# What is the difference between passing the PE exam on first attempt and passting it on 5th or 6th attempt? Do people ask later how many times did you



## Engineer_562 (Nov 3, 2017)

Hello All,

I took the exam second time and didn't feel good about it. It looks like I have long way to go but I am going to keep taking it till I pass. I was wondering if people took 5 or more attempts to pass the PE exams? What did people think about you when you told them that? Or it is basically same as passing the exam on first try.

thank you All.


----------



## Philscrimp (Nov 3, 2017)

Engineer_562 said:


> Hello All,
> 
> I took the exam second time and didn't feel good about it. It looks like I have long way to go but I am going to keep taking it till I pass. I was wondering if people took 5 or more attempts to pass the PE exams? What did people think about you when you told them that? Or it is basically same as passing the exam on first try.
> 
> thank you All.


It doesn't matter what people think. When you pass it, you will be a PE just like the person who passed it on the first attempt. You might be out of pocket $1500 more than them, but you'll still be a PE. Don't get discouraged and don't give up...


----------



## DoctorWho-PE (Nov 3, 2017)

It is n-1 times less stress and n-1 more time &amp; money.  Once it is passed, it is one PE license.  Many of the engineers in our office have taken it multiple times.  Not passing on the 1st go does not make you any less of an engineer.


----------



## User1 (Nov 3, 2017)

there are tons of circumstances that could affect passing/failing by a question or two. I don't think an employer would think/care to ask how many attempts it took. I have had it come up in discussion before but not like an interview inquiry. although, I haven't applied for a job post licensure yet.


----------



## JHW 3d (Nov 3, 2017)

If you are ever in court as an expert witness, it would be a likely question from opposing counsel, obviously in an attempt to discredit you.  Happened to my dad - though in his case he did pass on first try so it was a stupid question.


----------



## GR8 PLUMENG (Nov 3, 2017)

I think its a self induced stress we add on to an already stressful process. No one cares how many times it took you to pass the test. Your client doesn't give a rats ass, as long as your designs saves him/her money and works. Your employer/ future employer doesn't care because it probably took them multiple times to get it as well, or they probably dont even have a license. And if you were asked this question in an Interview, i think you should look the person asking such an asinine question in the face and respond, "does it really matter". You are a licensed Engineer. Be proud of it. Very few people could boast that.


----------



## landolakes (Nov 5, 2017)

I took it 4 times... each time i attempted/failed my superiors at work, peers, friemds, amd family all cheered me on. Yea you feel pressure of “geez they must think this or that”.... it doesnt matter, one pass is all u need.

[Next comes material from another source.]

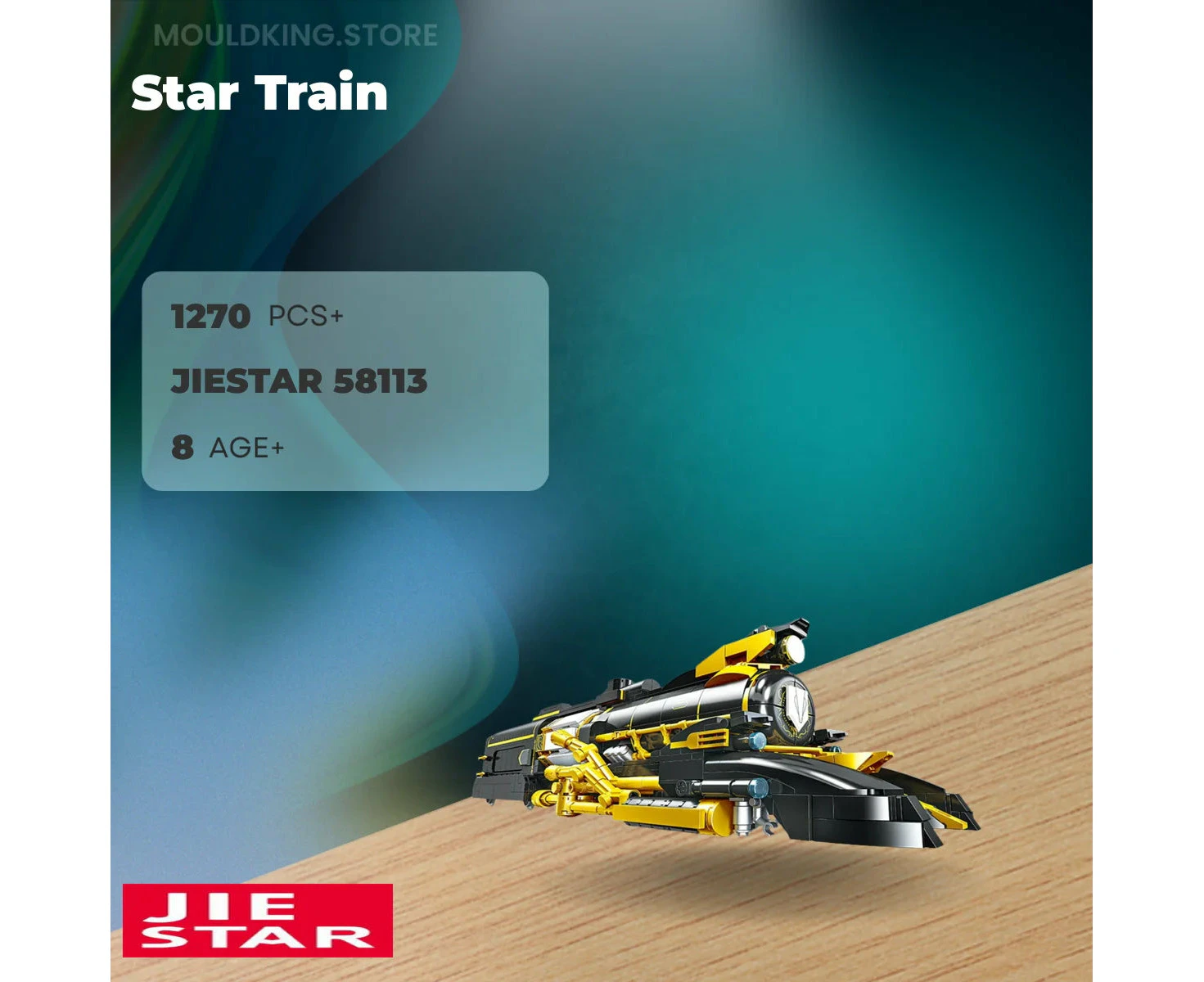 JIESTAR 58113 Star Train with 1270 Pieces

It shows determination To acheive your goals.

Compare to an engineering student struggling to graduate to the one who just gave up and switched major to something “easy”.

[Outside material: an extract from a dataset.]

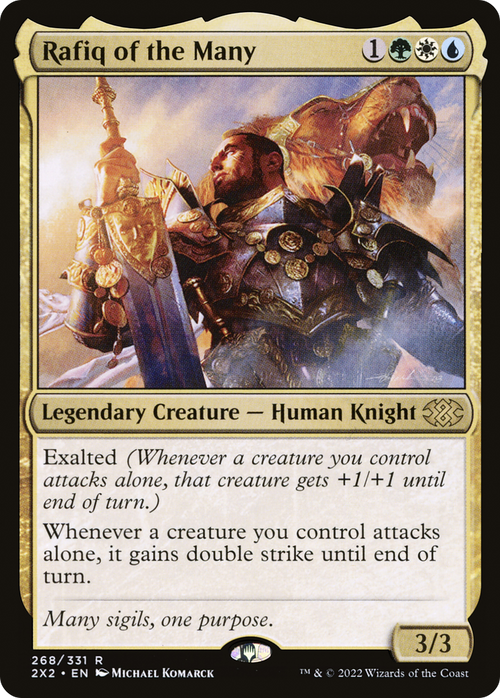 Rafiq of the Many (2X2-268) - Double Masters 2022 Foil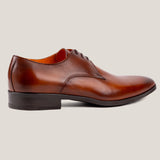 Boston24 Cognac Leren Derby Schoenen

Plus you can inspire others who take it and didnt pass first/fifth/etc attempt.


----------



## youngmotivatedengineer (Nov 5, 2017)

JHW 3d said:


> If you are ever in court as an expert witness, it would be a likely question from opposing counsel, obviously in an attempt to discredit you.  Happened to my dad - though in his case he did pass on first try so it was a stupid question.

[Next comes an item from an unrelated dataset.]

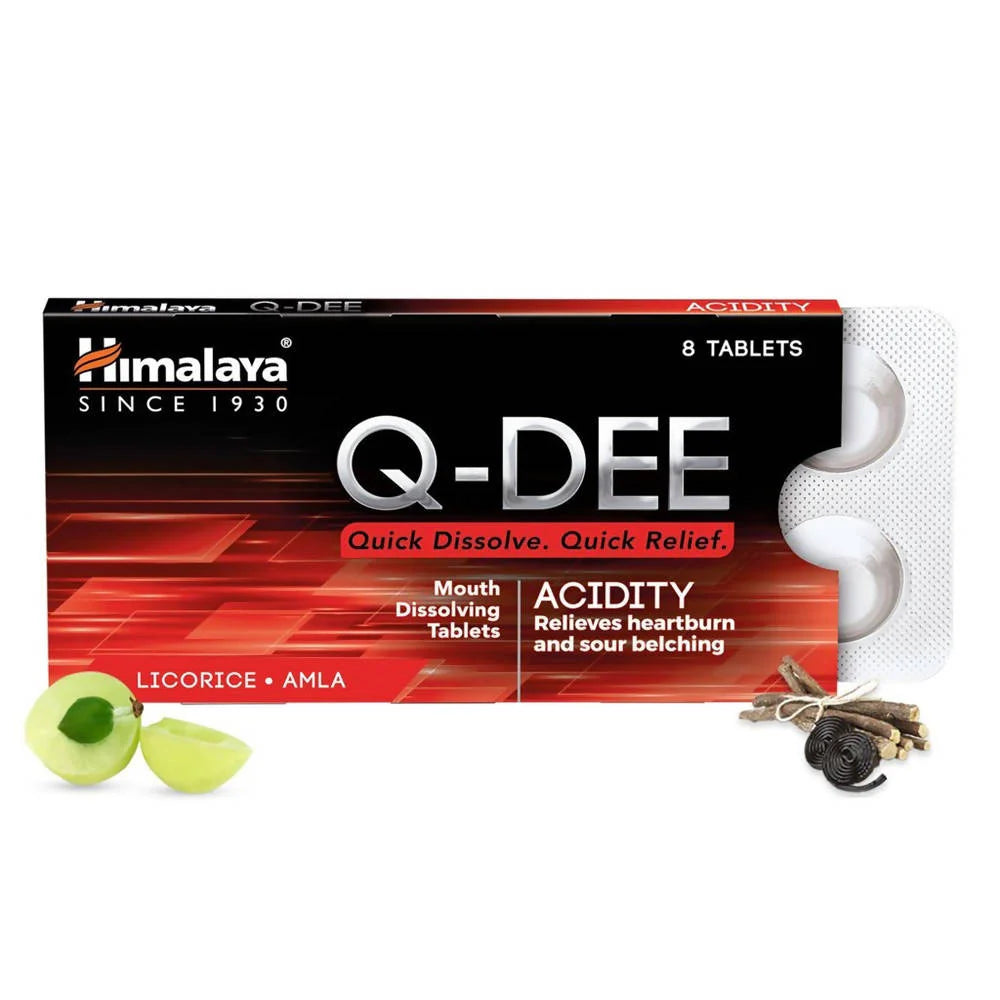 Himalaya Q-DEE Acidity Tablets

A good lawyer would be able to easily fight this question in court. If you testify you are testifying on a specific area. You most likely won't be giving expert testimony on traffic engineering and on environmental impact also. PE exam gives you a taste of all areas. If you work as a traffic engineer, who cares if you are not an expert in structural design and  hydraulics or soil mechanics.


----------



## JHW 3d (Nov 5, 2017)

youngmotivatedengineer said:


> A good lawyer would be able to easily fight this question in court. If you testify you are testifying on a specific area. You most likely won't be giving expert testimony on traffic engineering and on environmental impact also. PE exam gives you a taste of all areas. If you work as a traffic engineer, who cares if you are not an expert in structural design and  hydraulics or soil mechanics.


A lawyer would not object to a relevant question, assuming your PE license is relevant to your expertise. 

By the way people, a PE license does not make you an expert: it states you satisfied the minimum requirement by law to practice in your field. 

Establishing your expertise in a court of law would require further interrogation. How many attempts at passing your licensing examinations would be relevant, as would your advanced degrees, positions held, publications, etc.


----------



## MA_PE (Nov 6, 2017)

Depending on the state, you may have to submit a new full application after several unsuccessful attempts.  I recall MA had a maximum of 3 tries on an application submittal (i.e if someone fails they can sign up for the next exam without submitting a new application and go through the application approval process).  After the 3rd unsuccessful attempt the candidate would need to start the application process from scratch.  I don't know if that has changed or not since I took it 10 years ago.


----------



## andy10889 (Nov 7, 2017)

Alabama is 4 years from application approval. So 8 attempts.


----------



## Audi Driver P.E. (Nov 14, 2017)

Study like you only have one chance to pass.  You might be amazed at the results.


----------



## DoctorWho-PE (Nov 14, 2017)

Iowa has a 1 year application.  So you get 2 tries.


----------